* **WHAT YOU WILL DO**
Among the entries below, find the line with "sniper ghost warrior" and the line with "汉米尔顿 Hamilton AMERICAN". Return exactly those lines and every line between them, but no pictures.

* **DATA SHOWN**
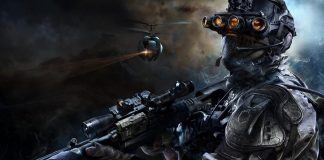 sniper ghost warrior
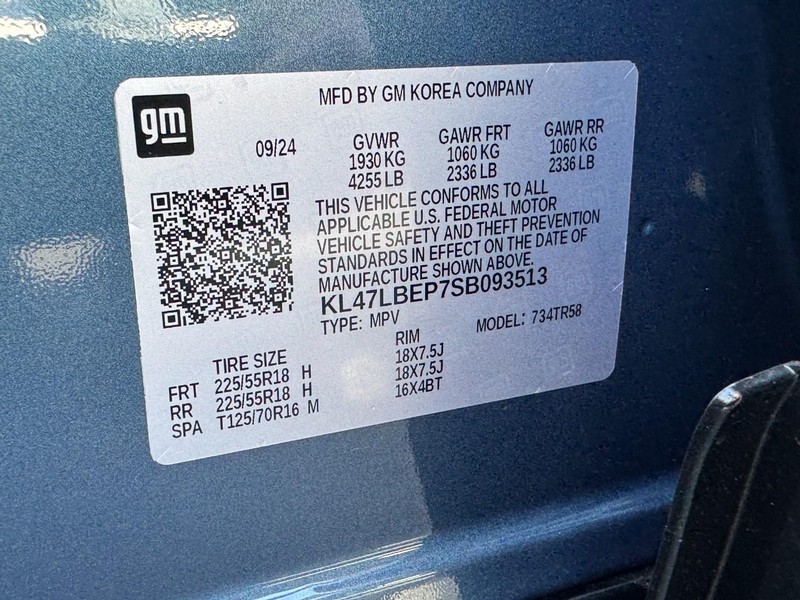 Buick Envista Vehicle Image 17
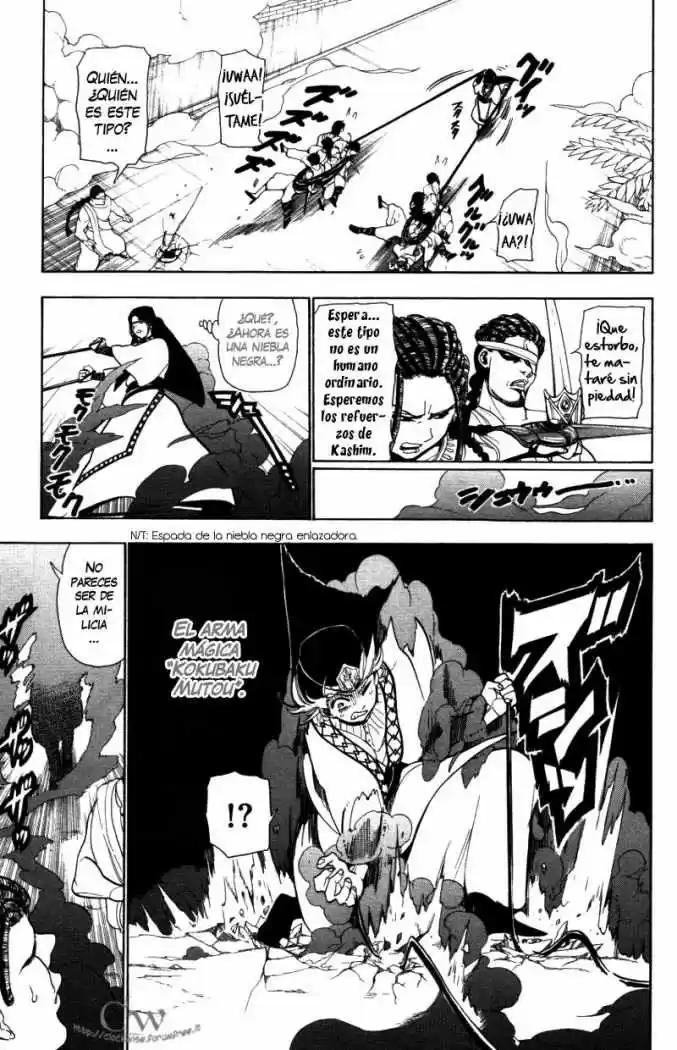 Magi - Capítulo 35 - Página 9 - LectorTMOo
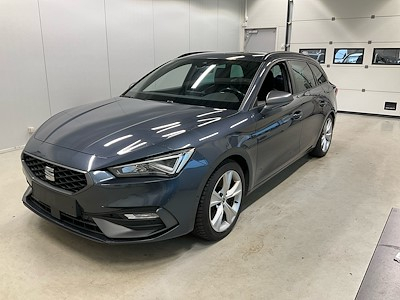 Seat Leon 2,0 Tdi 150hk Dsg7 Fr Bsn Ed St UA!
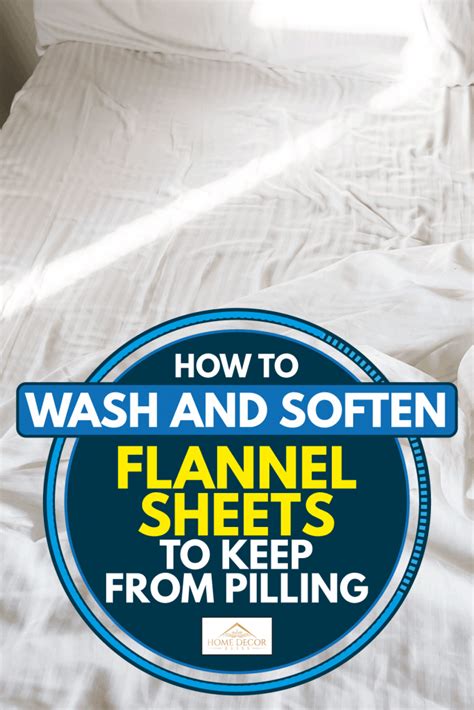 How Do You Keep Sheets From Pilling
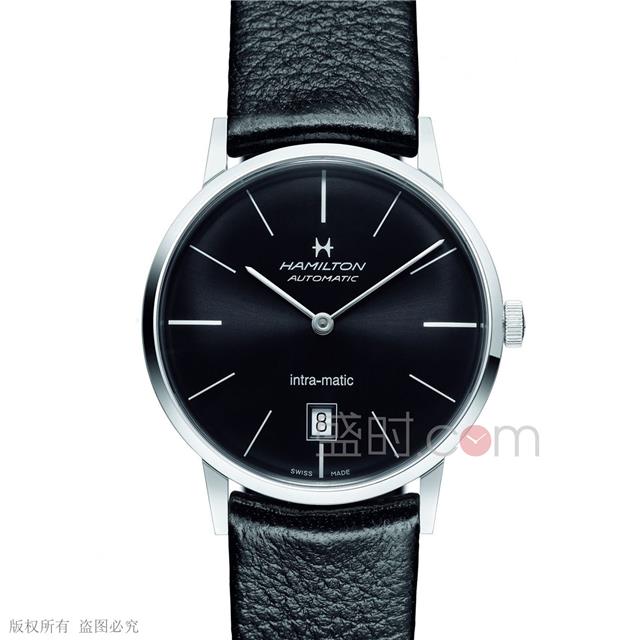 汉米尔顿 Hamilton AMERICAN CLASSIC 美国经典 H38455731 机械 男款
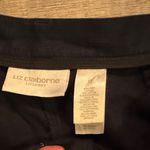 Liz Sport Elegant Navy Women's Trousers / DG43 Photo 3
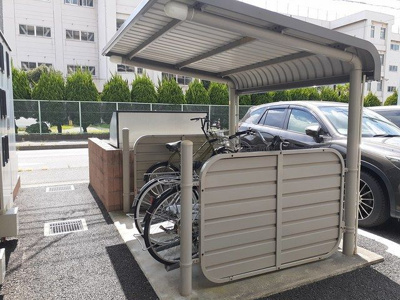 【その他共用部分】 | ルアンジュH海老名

--

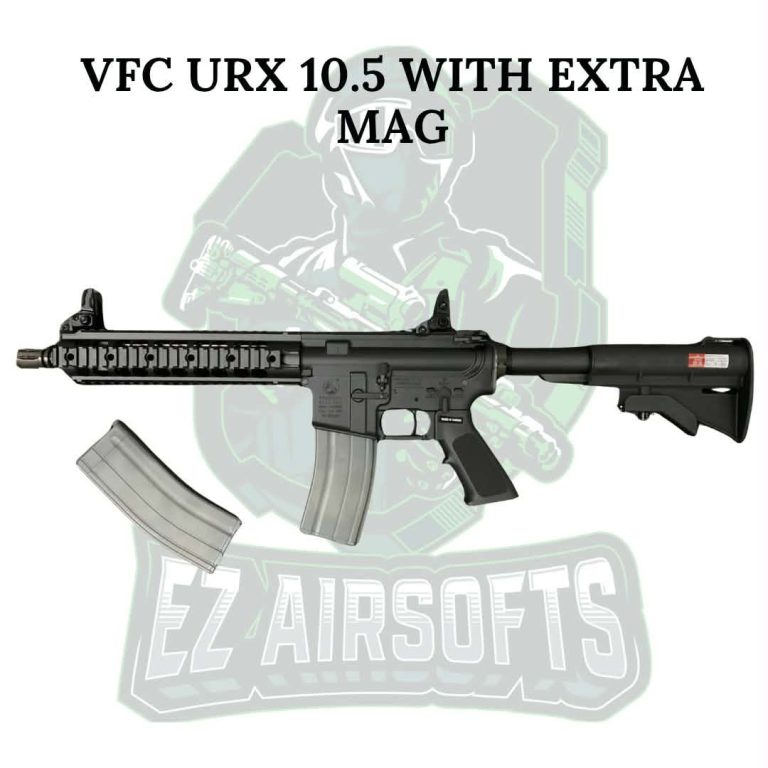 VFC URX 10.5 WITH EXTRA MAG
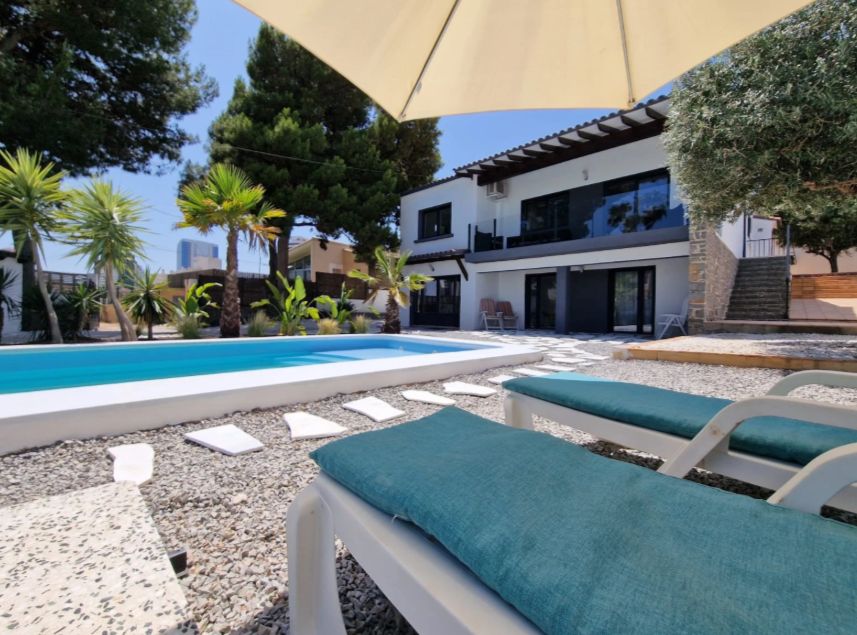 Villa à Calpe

--

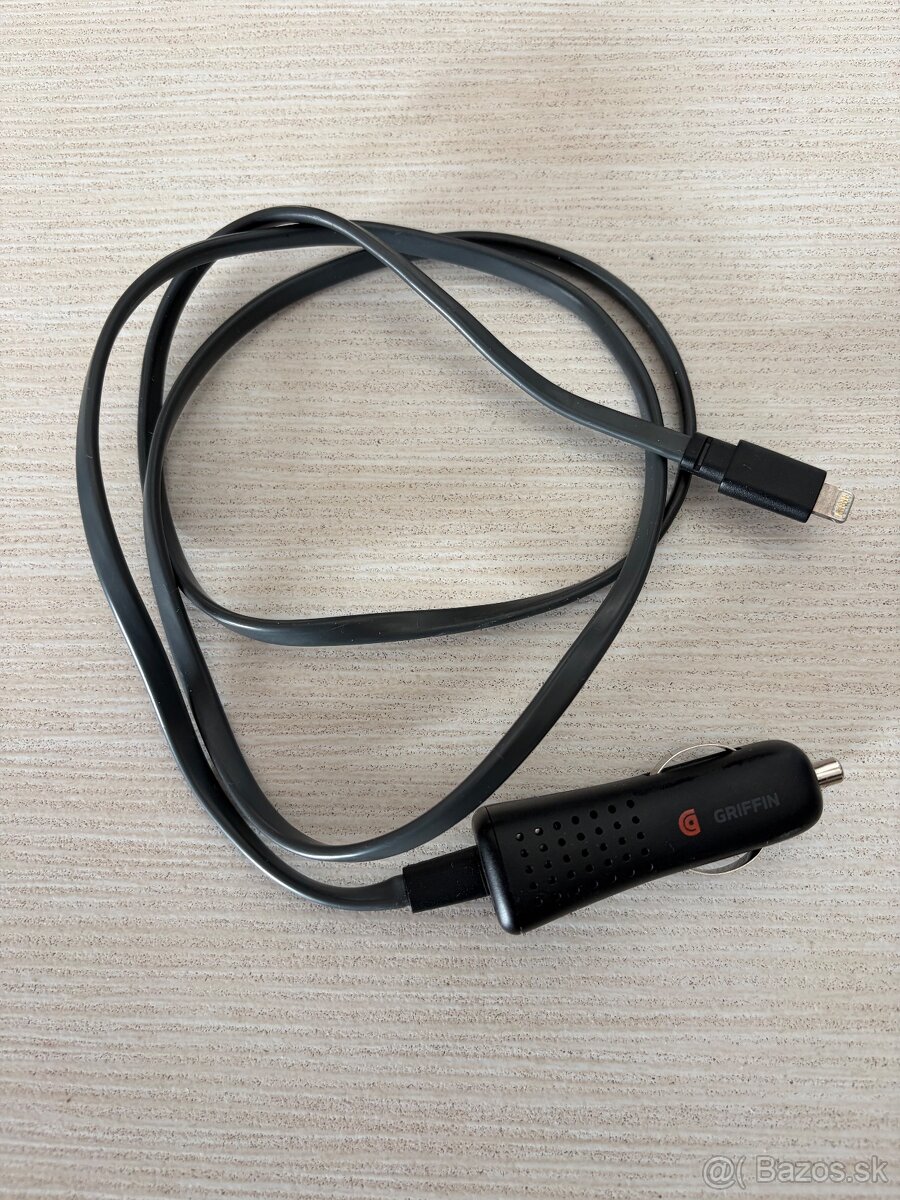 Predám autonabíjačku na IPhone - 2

* **SOLUTION TO THIS EXERCISE**
 sniper ghost warrior
 Buick Envista Vehicle Image 17
 Magi - Capítulo 35 - Página 9 - LectorTMOo
 Seat Leon 2,0 Tdi 150hk Dsg7 Fr Bsn Ed St UA!
 How Do You Keep Sheets From Pilling
 汉米尔顿 Hamilton AMERICAN CLASSIC 美国经典 H38455731 机械 男款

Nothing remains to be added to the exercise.